As a copywriter, you are expected to find not just a voice for the content you produce. You are also supposed to write the copy in a way that ‘resonates’ with your target audience, ideally in an authentic way. Often, you don’t always have an accurate picture of your audience, or even a lot of time to get to know them on any level.

When I started out as a copywriter, I learned a very quick series of techniques for getting to know my audience. Some of these techniques overlap with User Experience techniques, and tasks you may have done in marketing or journalism courses. I hope you find these techniques will save you time, and even some re-writes along the way.

1. Ask your client for more audience insight

Obvious one right? Maybe. But, if you’ve ever been a copywriter under a tight deadline with not much time for research, you know how likely you are to just ‘get it done’ without first getting more insight into your audience.

Talking to your client about the target audience shows you are professional, that you care about your work and that you are doing what you’re supposed to do as a copywriter – writing for your audience.

Most clients will know far more than you about their target audience, and because of this familiarity, they don’t always think to include pertinent information in their briefs to you. That’s okay – just ask.

The most useful bits of audience insight you can get from your client are things like what of magazines the audience reads, their level of education (giving you an idea of the type of language you can use), country of residence (should you use British English or US), what TV programmes they enjoy, where they shop, and what websites they frequent.

Getting these nuggets of background information is copywriter gold. By reviewing the magazines and TV programmes and websites, you’ll know what kinds of information they like to consume. Once you have the background you can move on to technique number 2.

2. Spend 15 minutes writing a detailed persona

What’s a persona? It’s essentially a story about the person you are writing for. This is the best way to figure out who it is specifically that you are targeting.
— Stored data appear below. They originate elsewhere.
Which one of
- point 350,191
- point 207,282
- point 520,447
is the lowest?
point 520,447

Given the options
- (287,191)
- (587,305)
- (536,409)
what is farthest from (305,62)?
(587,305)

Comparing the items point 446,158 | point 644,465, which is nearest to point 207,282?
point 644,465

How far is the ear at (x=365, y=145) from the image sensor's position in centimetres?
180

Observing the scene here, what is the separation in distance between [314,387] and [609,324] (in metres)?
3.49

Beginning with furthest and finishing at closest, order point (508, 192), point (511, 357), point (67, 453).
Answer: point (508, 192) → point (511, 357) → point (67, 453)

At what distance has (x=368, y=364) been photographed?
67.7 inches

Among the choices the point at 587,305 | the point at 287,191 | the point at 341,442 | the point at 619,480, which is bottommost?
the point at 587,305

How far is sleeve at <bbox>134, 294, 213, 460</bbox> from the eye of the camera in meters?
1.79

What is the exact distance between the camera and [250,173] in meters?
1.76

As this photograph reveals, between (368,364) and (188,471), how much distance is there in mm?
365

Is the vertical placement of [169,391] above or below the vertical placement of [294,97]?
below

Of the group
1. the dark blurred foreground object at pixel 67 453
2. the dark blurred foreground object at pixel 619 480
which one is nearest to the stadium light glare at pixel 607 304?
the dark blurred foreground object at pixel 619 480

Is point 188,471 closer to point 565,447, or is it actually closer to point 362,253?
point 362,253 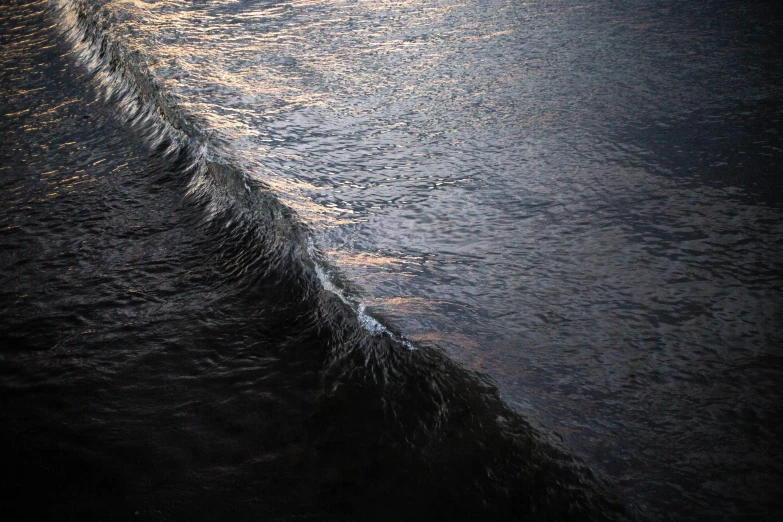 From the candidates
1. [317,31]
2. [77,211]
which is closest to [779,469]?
[77,211]

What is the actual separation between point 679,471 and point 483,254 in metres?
0.94

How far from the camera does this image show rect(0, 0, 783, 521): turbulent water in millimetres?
1469

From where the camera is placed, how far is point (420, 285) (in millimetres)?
1975

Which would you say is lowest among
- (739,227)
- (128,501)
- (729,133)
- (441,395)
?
(128,501)

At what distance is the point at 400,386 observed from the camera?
1719mm

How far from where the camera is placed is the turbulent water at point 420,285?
1.47 meters

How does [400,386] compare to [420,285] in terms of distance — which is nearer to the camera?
[400,386]

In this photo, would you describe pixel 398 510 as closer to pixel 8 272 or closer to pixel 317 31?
pixel 8 272

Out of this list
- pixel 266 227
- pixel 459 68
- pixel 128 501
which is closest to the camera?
pixel 128 501

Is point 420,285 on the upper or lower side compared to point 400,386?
upper

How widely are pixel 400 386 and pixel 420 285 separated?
38 cm

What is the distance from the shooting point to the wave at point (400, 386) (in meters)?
1.38

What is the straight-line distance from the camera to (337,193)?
2512 mm

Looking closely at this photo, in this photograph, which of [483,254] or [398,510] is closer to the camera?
[398,510] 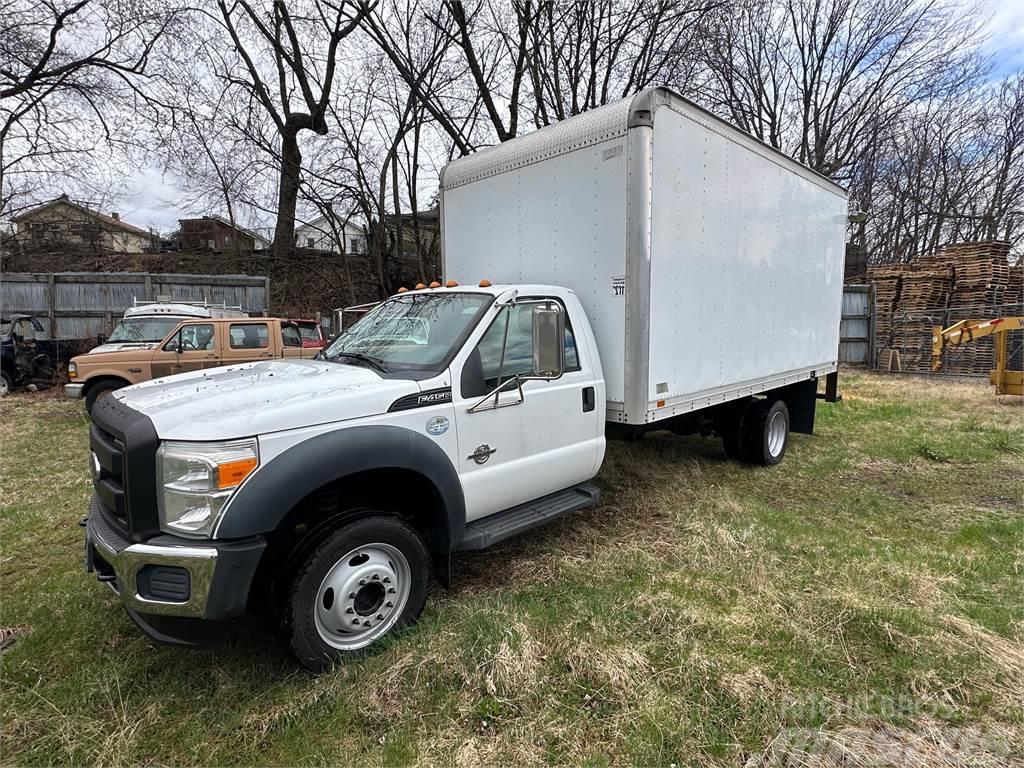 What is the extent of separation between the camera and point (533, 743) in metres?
2.39

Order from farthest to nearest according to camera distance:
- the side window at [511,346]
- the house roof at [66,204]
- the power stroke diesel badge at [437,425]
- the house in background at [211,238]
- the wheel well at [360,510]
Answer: the house in background at [211,238] → the house roof at [66,204] → the side window at [511,346] → the power stroke diesel badge at [437,425] → the wheel well at [360,510]

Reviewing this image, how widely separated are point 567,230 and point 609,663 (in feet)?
10.5

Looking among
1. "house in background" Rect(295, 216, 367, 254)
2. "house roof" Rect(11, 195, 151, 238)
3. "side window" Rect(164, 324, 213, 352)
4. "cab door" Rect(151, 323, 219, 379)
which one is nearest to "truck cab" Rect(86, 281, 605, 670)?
"cab door" Rect(151, 323, 219, 379)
By writing the story of this person’s life, you will come to an understanding of what drives them as a human being, what concerns they have, what habits, and you’ll discover what it is about the product or service you are writing about that will turn them on, and this will help you be a great copywriter.

The key here isn’t to spend a long time getting this 100% accurate. You’re writing a story about a typical person in your target audience. What you want to do is quickly sketch out that picture of the person:

  • What is his or her name?
  • Where do they live?
  • Are they married?
  • What is their typical day like? What things to do they do from morning to night?
  • Where do they work?
  • What do they eat for lunch? Do they brown bag it?
  • What websites are they visiting and when?
  • Who are their friends? How often do they spend time together?
  • What sports do they enjoy?

And so on. The important thing is to do this quickly, and include as much of the reasearch you previously did either on your own, or by speaking to your client. Share the finished persona with your client for a quick approval so that you know you’re on the right track. I trust you’ll nail this exercise because you’re not just a copywriter, you’re a human, and like all humans you are already a student of human interaction.

3. Interview some real people

Time doesn’t always permit this one, but it is simply the best way to get to know the real audience. Maybe your client has a contact list from user-groups, or interview transcripts from past marketing research. It’s best if you can ask your own questions, but if someone has already covered this ground for you, you’ll be saving some time.

The kinds of questions to ask are the sorts of things you’d want to know from writing the persona (see #2 above). The great thing about talking to real people is that you get to hear how they speak, how a conversation with this person unfolds, and if you pay attention, you’ll be able to spot what gets them excited and motivated to share with you.

These techniques will help you be a better copywriter by writing to a specific target person, you’ll be able to find the motivations, influences, and conversion points that will make them leap.